Where did you learn to be a French chef?

That’s a long story. I didn’t go to culinary school, [but] I’ve been practicing French cuisine since 1977 through any of the cuisine books I could read, any chefs I could work for, and then, ultimately, living in France for almost two years. It’s always been my goal to be a French chef. And so you learn as you go, you study as much as you can, and practice as often as possible. And, hopefully, you achieve a modicum of the goals that you set out for yourself.

Chef Thomas Keller of Bouchon
Chef Thomas Keller in the kitchen at Bouchon.

This will be the latest of your Bouchon bistros. Will it have a new twist?

I don’t believe in twists. It’s kind of a strange thing when you think about it. No, it’s Bouchon — it’s classic French, it’s a classic French bistro. That’s what we’re really trying to represent. We’re not trying to represent a historic perspective and have a twist about it. No, this is history. We want to make sure that we appreciate and respect and be responsible about what a bistro is.

What’s your philosophy as a chef?

It’s very simple. Our goal is to nurture people, that’s our philosophy. And we nurture people in many ways, including ourselves. It’s not just our guests. We nurture ourselves and our team, through training, through mentoring, through the conversations that we have with each other — and the food that we source, the farmers and the fishermen, the foragers and the gardeners, the hundreds of them from around the country who bring us this extraordinary, nutritious food. So, it really boils down to the idea of nurturing one another.

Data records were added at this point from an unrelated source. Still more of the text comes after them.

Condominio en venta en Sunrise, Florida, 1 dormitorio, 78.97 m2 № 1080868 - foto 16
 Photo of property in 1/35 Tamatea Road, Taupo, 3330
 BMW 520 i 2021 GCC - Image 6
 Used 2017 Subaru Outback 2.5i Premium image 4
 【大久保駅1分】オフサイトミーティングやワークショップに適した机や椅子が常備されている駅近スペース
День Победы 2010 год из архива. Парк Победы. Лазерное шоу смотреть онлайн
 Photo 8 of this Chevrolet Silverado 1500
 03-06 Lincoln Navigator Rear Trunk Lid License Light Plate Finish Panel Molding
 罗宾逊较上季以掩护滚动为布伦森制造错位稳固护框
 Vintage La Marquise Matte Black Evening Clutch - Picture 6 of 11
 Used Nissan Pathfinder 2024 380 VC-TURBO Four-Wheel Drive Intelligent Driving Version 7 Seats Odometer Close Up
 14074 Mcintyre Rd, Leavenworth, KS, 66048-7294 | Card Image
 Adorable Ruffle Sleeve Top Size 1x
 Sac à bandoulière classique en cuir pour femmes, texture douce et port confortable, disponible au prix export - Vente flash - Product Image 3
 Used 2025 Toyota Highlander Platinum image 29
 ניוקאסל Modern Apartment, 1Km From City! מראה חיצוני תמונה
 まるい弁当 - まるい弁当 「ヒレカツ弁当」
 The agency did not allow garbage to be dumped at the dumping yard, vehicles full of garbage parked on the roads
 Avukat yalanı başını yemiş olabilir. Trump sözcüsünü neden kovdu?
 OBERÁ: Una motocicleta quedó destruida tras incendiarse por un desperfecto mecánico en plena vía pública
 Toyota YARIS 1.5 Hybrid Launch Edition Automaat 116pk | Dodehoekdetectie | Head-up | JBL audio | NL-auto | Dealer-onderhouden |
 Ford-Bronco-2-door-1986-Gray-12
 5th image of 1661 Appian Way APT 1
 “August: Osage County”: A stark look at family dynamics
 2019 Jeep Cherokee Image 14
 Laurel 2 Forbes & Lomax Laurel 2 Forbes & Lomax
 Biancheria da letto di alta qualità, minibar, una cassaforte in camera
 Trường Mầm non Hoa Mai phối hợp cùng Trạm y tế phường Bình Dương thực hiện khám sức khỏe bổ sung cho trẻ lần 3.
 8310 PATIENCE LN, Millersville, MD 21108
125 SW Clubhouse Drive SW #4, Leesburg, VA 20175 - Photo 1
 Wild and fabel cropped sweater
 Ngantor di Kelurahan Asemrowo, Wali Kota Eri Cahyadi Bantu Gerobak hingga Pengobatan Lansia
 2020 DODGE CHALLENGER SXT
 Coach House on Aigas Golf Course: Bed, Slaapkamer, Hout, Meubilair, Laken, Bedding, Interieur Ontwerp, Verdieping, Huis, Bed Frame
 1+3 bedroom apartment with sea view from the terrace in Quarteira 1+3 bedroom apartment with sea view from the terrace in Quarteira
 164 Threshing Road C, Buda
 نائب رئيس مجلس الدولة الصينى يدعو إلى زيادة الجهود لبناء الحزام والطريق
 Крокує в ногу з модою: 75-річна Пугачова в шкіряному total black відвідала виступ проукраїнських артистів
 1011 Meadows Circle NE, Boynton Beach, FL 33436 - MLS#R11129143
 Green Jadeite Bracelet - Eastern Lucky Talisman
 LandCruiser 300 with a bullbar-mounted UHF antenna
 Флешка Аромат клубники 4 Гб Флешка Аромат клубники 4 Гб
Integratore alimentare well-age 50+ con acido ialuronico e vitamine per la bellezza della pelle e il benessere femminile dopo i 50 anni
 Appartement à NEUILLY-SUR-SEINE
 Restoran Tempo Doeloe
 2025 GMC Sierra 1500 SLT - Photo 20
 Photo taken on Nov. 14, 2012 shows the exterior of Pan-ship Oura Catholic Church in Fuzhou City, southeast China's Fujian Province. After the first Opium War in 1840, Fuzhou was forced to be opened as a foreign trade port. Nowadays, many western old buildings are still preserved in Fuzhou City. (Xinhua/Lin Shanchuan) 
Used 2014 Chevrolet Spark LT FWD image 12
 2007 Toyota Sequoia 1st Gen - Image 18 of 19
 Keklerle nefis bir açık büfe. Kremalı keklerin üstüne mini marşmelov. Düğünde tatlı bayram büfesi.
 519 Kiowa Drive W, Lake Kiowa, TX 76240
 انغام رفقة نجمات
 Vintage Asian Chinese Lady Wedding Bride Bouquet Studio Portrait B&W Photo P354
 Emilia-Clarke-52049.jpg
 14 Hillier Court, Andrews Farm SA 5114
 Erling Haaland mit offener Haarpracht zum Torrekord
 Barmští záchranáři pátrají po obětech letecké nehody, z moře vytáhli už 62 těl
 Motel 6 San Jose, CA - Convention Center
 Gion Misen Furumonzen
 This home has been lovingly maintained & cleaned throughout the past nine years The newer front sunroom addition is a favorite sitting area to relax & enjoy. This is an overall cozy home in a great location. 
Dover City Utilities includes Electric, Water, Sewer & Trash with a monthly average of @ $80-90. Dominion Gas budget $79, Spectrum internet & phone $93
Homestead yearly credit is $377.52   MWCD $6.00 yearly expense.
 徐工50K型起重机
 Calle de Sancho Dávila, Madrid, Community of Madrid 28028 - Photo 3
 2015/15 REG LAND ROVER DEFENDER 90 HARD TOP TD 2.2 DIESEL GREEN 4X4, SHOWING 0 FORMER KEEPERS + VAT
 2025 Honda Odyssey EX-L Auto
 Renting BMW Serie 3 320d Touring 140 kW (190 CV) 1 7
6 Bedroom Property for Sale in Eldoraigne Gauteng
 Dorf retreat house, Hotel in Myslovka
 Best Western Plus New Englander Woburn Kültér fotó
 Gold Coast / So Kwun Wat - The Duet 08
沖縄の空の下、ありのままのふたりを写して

To what do you attribute your success?

There’s no one thing that makes a person successful. It’s just hard work, dedication, commitment, perseverance, patience — those are the words that I use to describe my success. And then a lot of it is the support of hundreds of people, right throughout my career, who have encouraged me to do this and the things that I’ve done, and the support of my family. That’s what makes a person successful.

I’ve been very lucky…. Timing is always a benefit — when you’re in the right place at the right time. If you have the right skills, the right knowledge, and a little bit of luck, you end up like me.